_Problem to solve_: Take the records below and set down exactly the lines from the one with "Продаж на аукціоні" to the one with "Уютные Осенние Обои", ends included; do not copy the pictures.

_Records for the exercise_:
____________
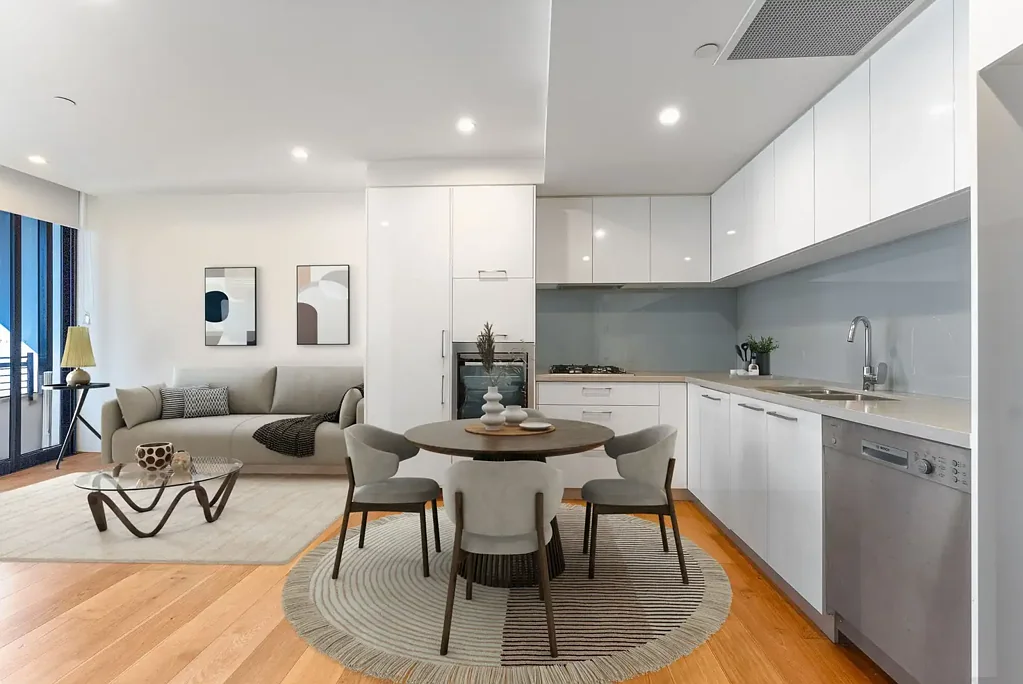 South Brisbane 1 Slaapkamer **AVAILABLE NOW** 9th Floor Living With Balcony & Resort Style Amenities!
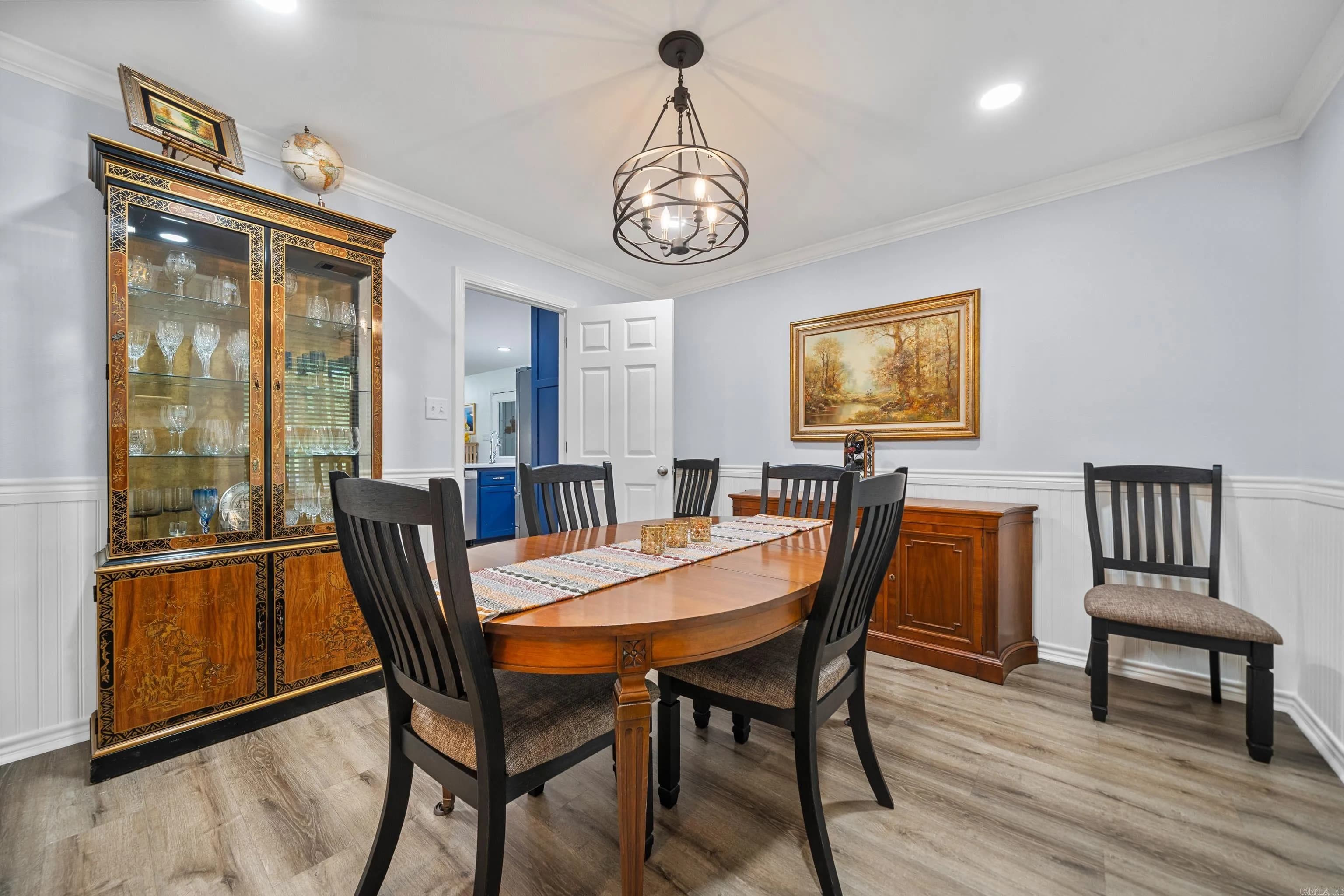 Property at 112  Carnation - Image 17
____________
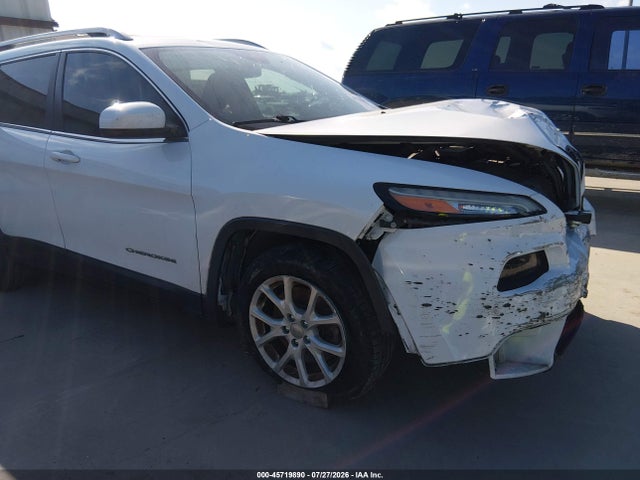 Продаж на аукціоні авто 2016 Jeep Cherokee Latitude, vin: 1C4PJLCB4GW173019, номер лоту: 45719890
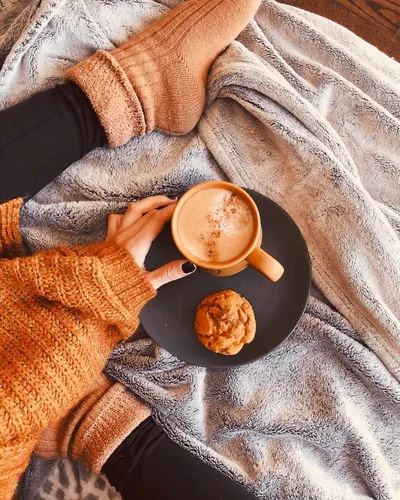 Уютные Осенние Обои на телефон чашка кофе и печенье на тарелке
____________
_Response area_:
 Продаж на аукціоні авто 2016 Jeep Cherokee Latitude, vin: 1C4PJLCB4GW173019, номер лоту: 45719890
 Уютные Осенние Обои на телефон чашка кофе и печенье на тарелке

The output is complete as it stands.